Our economic system is based on the free play of market forces. However, some state intervention may be necessary to supplement and correct the free operation of markets in order to promote competition and/or the common good. Typical examples of state intervention in the area of business include the so-called regulation, competition and cartel law as well as procurement law.

Regulation provides a framework for certain economic sectors in order to enable competition in the first place or to put an end to monopolies and information asymmetries. The areas that have especially in recent decades been subject to intense regulation typically relate to services of public interest that were previously taken care of by the state: energy supply, water and waste water management, telecommunications and waste management. We advise our clients on all regulatory matters, from unbundling to the calculation of (network) fees through to metering. In this area, our working group AK REGTP provides invaluable assistance in all questions of regulation management, focussing particularly on the needs of network operators.

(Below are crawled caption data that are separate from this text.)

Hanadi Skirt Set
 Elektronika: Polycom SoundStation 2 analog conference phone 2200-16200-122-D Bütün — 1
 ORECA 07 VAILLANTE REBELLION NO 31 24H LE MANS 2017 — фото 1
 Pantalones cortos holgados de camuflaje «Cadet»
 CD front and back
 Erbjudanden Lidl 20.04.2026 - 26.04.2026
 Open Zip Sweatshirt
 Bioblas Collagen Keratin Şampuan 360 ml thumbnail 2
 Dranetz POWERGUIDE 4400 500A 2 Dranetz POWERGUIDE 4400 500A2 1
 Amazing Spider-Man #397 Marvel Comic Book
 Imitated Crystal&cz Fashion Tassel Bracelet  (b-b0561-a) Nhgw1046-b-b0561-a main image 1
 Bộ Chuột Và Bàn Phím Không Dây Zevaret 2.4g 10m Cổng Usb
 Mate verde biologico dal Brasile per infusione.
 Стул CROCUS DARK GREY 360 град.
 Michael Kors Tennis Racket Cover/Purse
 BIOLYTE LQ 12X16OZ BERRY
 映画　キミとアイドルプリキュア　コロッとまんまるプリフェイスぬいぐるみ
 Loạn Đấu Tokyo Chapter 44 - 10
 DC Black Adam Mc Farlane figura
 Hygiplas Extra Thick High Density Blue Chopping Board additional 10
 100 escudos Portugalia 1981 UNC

It is not only the sector-specific regulations, but also cartel law which heavily influences our entire economic landscape. We are experienced in assisting with company mergers (merger control), helping companies with structuring mergers and filing the necessary applications. We advise our clients on how to design their activities in conformity with cartel law requirements, particularly where business cooperations are concerned or where a company holds a dominant market position. We also support companies in their fight against anti-competitive behaviour of other companies and represent them before judicial institutions at all levels.

Public procurement is governed by procurement law. The requirements placed on public authorities and undertakings have been significantly tightened particularly due to case law established by the European Court of Justice. However, public tenders are not always obligatory. Rather, it depends on a variety of factors whether tendering is mandatory and which form it should take. We provide comprehensive advice on all legal questions that may arise in this context.